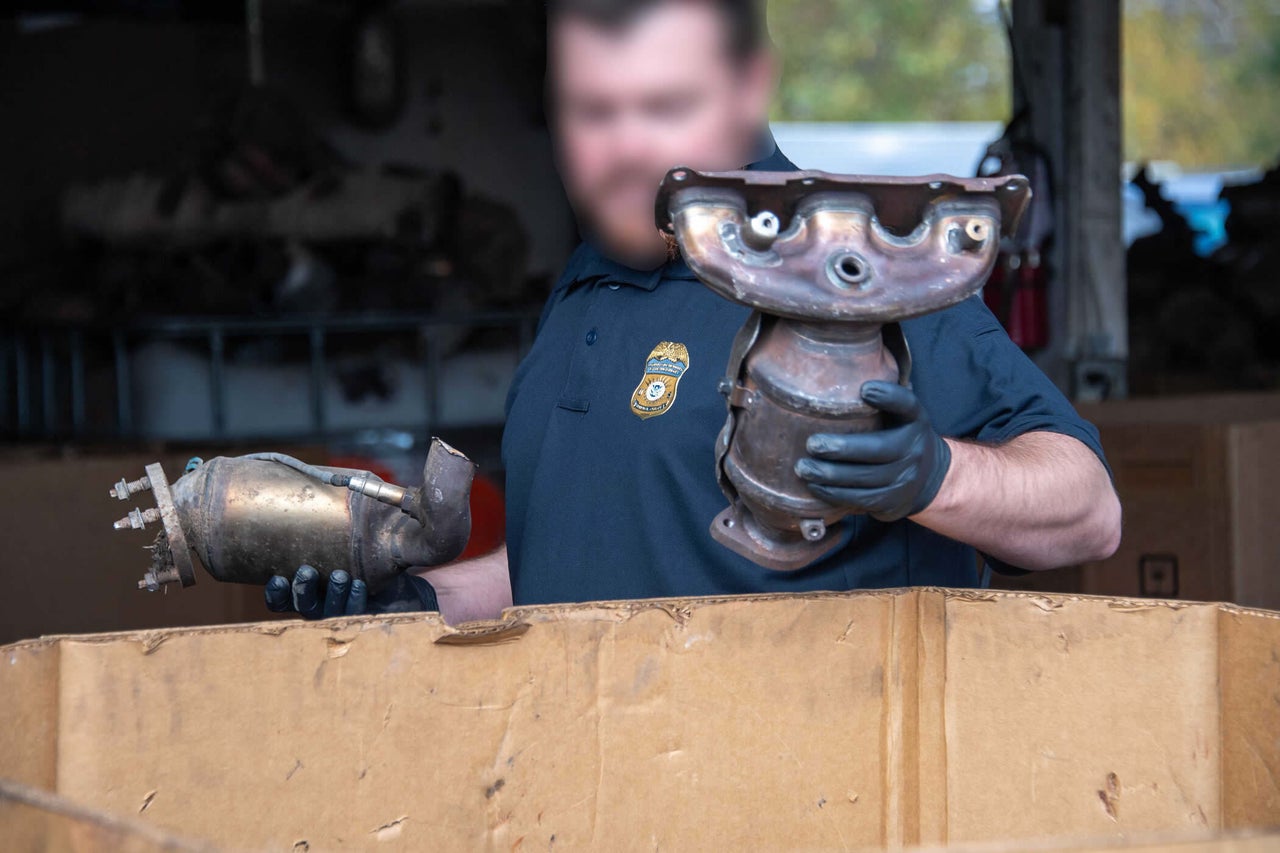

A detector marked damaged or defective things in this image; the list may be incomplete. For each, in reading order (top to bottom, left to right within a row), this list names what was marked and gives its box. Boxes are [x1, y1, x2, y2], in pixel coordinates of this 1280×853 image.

rusty catalytic converter [107, 438, 478, 591]
rusty catalytic converter [655, 165, 1034, 568]
corroded metal surface [660, 165, 1029, 568]
torn cardboard [2, 589, 1280, 845]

◆ YOUR INSTRUCTIONS ◆
Transcribe the material above word for word; images do not belong in the copy.

◆ WRITTEN SOLUTION ◆
A detector marked damaged or defective things in this image; the list may be incomplete. For each, in reading order (top to bottom, left to right within a row), this list names what was marked and gives its box. Boxes are [x1, y1, x2, y2], in pixel coordinates of this 1280×853 image.

rusty catalytic converter [107, 438, 478, 591]
rusty catalytic converter [655, 165, 1034, 568]
corroded metal surface [660, 165, 1029, 568]
torn cardboard [2, 589, 1280, 845]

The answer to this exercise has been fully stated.